◆ AIM OF THE EXERCISE
Transcribe the data exactly, pictures excluded.

····················

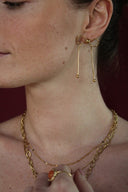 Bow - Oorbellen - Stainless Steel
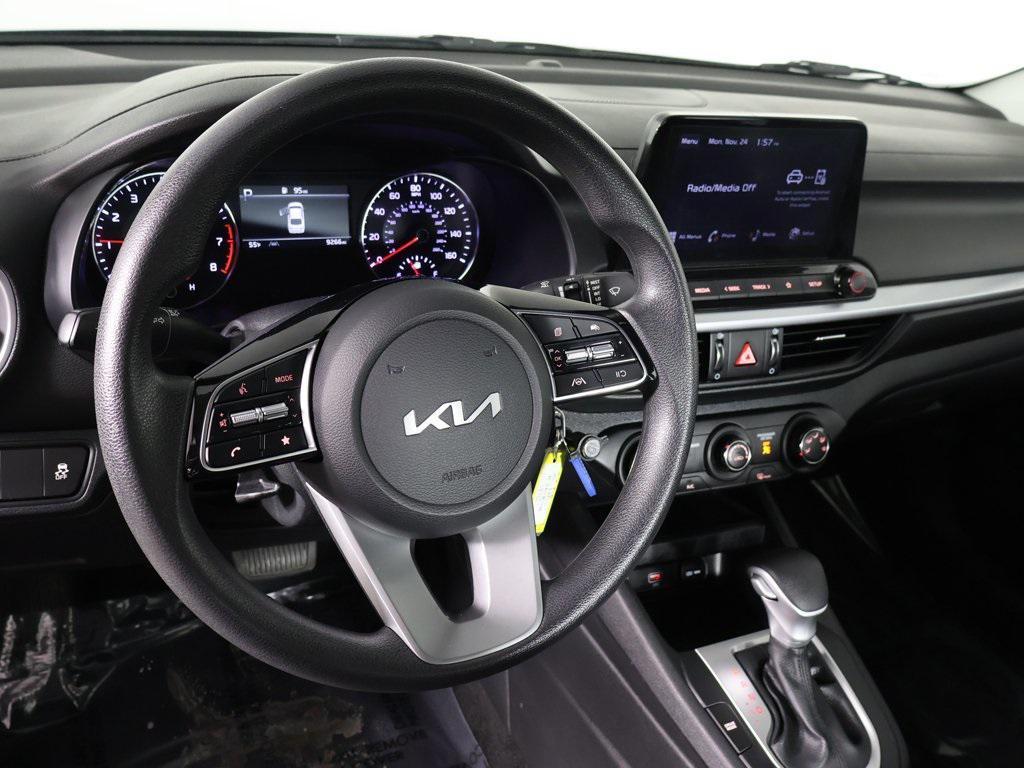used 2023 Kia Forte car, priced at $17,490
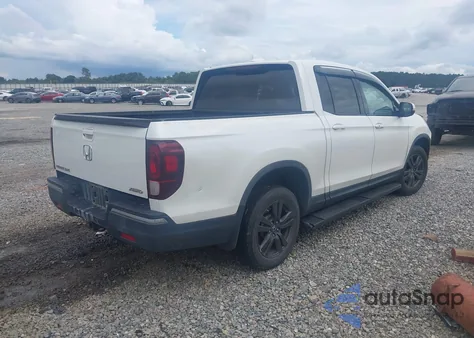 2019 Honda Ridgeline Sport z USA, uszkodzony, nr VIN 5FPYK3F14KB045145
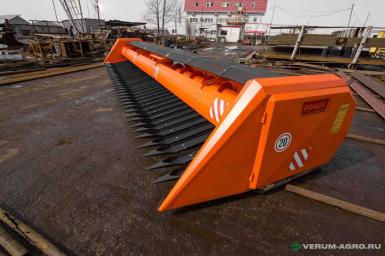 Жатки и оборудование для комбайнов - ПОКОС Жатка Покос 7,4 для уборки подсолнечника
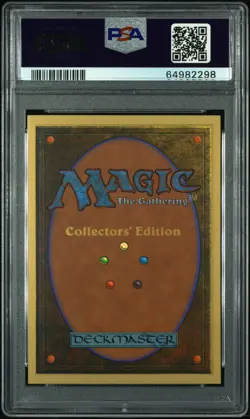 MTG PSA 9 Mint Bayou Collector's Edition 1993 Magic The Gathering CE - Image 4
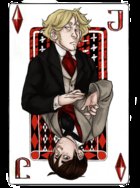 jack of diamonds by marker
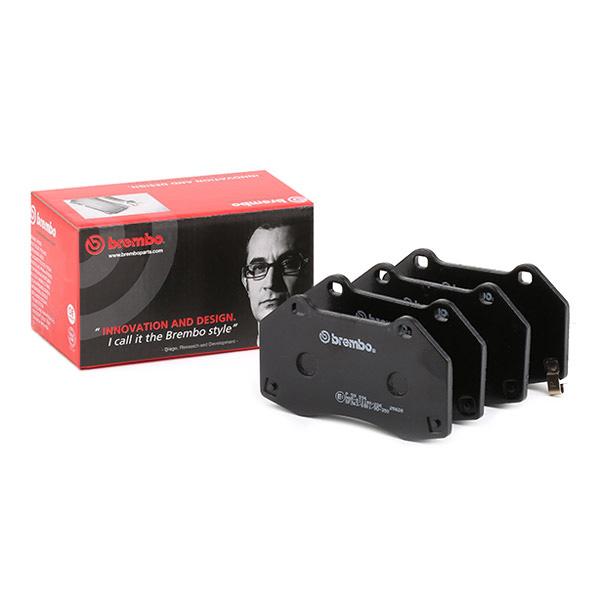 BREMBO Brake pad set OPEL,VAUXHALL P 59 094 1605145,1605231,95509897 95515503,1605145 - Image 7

····················

◆ RESULT OF THE EXERCISE
 Bow - Oorbellen - Stainless Steel
used 2023 Kia Forte car, priced at $17,490
 2019 Honda Ridgeline Sport z USA, uszkodzony, nr VIN 5FPYK3F14KB045145
 Жатки и оборудование для комбайнов - ПОКОС Жатка Покос 7,4 для уборки подсолнечника
 MTG PSA 9 Mint Bayou Collector's Edition 1993 Magic The Gathering CE - Image 4
 jack of diamonds by marker
 BREMBO Brake pad set OPEL,VAUXHALL P 59 094 1605145,1605231,95509897 95515503,1605145 - Image 7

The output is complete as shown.